** LISTED ENTRIES follows **

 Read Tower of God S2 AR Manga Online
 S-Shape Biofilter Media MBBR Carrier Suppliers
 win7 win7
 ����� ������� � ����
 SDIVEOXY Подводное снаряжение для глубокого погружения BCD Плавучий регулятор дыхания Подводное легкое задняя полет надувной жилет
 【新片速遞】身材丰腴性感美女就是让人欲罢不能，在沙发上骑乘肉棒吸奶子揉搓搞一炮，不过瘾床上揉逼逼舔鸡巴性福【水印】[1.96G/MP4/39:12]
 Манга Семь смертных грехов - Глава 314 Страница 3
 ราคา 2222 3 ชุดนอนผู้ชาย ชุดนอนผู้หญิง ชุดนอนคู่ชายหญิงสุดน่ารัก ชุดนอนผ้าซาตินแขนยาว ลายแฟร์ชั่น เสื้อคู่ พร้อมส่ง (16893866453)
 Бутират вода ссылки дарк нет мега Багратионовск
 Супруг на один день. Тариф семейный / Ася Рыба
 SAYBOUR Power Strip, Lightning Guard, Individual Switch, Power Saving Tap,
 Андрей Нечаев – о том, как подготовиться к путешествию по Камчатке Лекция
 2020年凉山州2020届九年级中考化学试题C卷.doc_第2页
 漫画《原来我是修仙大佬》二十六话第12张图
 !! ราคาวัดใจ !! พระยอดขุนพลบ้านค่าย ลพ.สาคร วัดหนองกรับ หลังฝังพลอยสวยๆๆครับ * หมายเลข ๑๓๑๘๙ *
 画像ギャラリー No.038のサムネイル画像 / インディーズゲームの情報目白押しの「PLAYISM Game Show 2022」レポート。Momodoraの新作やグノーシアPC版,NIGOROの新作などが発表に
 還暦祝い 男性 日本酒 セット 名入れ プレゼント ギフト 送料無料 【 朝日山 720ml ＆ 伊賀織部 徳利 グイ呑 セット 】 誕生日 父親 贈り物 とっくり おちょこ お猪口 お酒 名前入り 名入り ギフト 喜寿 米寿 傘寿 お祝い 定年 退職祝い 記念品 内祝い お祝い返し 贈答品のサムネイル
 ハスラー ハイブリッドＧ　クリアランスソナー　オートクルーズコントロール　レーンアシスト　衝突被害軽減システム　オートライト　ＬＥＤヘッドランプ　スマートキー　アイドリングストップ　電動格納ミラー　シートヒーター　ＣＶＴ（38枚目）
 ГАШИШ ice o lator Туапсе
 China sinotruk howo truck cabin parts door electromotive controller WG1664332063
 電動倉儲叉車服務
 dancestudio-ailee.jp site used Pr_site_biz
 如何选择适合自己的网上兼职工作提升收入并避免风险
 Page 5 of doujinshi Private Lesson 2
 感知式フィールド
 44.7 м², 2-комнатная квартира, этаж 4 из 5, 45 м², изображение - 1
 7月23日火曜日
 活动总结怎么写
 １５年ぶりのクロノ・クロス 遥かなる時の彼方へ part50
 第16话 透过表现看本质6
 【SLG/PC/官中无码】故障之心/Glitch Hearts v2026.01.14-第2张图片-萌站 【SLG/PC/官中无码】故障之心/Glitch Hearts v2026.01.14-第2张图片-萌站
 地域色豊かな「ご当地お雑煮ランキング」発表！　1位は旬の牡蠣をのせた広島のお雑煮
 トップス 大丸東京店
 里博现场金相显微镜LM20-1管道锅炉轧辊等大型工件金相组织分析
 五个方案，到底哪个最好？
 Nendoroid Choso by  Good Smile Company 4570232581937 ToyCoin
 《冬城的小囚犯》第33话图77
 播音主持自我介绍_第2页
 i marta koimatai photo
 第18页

** End of LISTED ENTRIES **

Emit the records above again, exactly, with no line skipped.

 Read Tower of God S2 AR Manga Online
 S-Shape Biofilter Media MBBR Carrier Suppliers
 win7 win7
 ����� ������� � ����
 SDIVEOXY Подводное снаряжение для глубокого погружения BCD Плавучий регулятор дыхания Подводное легкое задняя полет надувной жилет
 【新片速遞】身材丰腴性感美女就是让人欲罢不能，在沙发上骑乘肉棒吸奶子揉搓搞一炮，不过瘾床上揉逼逼舔鸡巴性福【水印】[1.96G/MP4/39:12]
 Манга Семь смертных грехов - Глава 314 Страница 3
 ราคา 2222 3 ชุดนอนผู้ชาย ชุดนอนผู้หญิง ชุดนอนคู่ชายหญิงสุดน่ารัก ชุดนอนผ้าซาตินแขนยาว ลายแฟร์ชั่น เสื้อคู่ พร้อมส่ง (16893866453)
 Бутират вода ссылки дарк нет мега Багратионовск
 Супруг на один день. Тариф семейный / Ася Рыба
 SAYBOUR Power Strip, Lightning Guard, Individual Switch, Power Saving Tap,
 Андрей Нечаев – о том, как подготовиться к путешествию по Камчатке Лекция
 2020年凉山州2020届九年级中考化学试题C卷.doc_第2页
 漫画《原来我是修仙大佬》二十六话第12张图
 !! ราคาวัดใจ !! พระยอดขุนพลบ้านค่าย ลพ.สาคร วัดหนองกรับ หลังฝังพลอยสวยๆๆครับ * หมายเลข ๑๓๑๘๙ *
 画像ギャラリー No.038のサムネイル画像 / インディーズゲームの情報目白押しの「PLAYISM Game Show 2022」レポート。Momodoraの新作やグノーシアPC版,NIGOROの新作などが発表に
 還暦祝い 男性 日本酒 セット 名入れ プレゼント ギフト 送料無料 【 朝日山 720ml ＆ 伊賀織部 徳利 グイ呑 セット 】 誕生日 父親 贈り物 とっくり おちょこ お猪口 お酒 名前入り 名入り ギフト 喜寿 米寿 傘寿 お祝い 定年 退職祝い 記念品 内祝い お祝い返し 贈答品のサムネイル
 ハスラー ハイブリッドＧ　クリアランスソナー　オートクルーズコントロール　レーンアシスト　衝突被害軽減システム　オートライト　ＬＥＤヘッドランプ　スマートキー　アイドリングストップ　電動格納ミラー　シートヒーター　ＣＶＴ（38枚目）
 ГАШИШ ice o lator Туапсе
 China sinotruk howo truck cabin parts door electromotive controller WG1664332063
 電動倉儲叉車服務
 dancestudio-ailee.jp site used Pr_site_biz
 如何选择适合自己的网上兼职工作提升收入并避免风险
 Page 5 of doujinshi Private Lesson 2
 感知式フィールド
 44.7 м², 2-комнатная квартира, этаж 4 из 5, 45 м², изображение - 1
 7月23日火曜日
 活动总结怎么写
 １５年ぶりのクロノ・クロス 遥かなる時の彼方へ part50
 第16话 透过表现看本质6
 【SLG/PC/官中无码】故障之心/Glitch Hearts v2026.01.14-第2张图片-萌站 【SLG/PC/官中无码】故障之心/Glitch Hearts v2026.01.14-第2张图片-萌站
 地域色豊かな「ご当地お雑煮ランキング」発表！　1位は旬の牡蠣をのせた広島のお雑煮
 トップス 大丸東京店
 里博现场金相显微镜LM20-1管道锅炉轧辊等大型工件金相组织分析
 五个方案，到底哪个最好？
 Nendoroid Choso by  Good Smile Company 4570232581937 ToyCoin
 《冬城的小囚犯》第33话图77
 播音主持自我介绍_第2页
 i marta koimatai photo
 第18页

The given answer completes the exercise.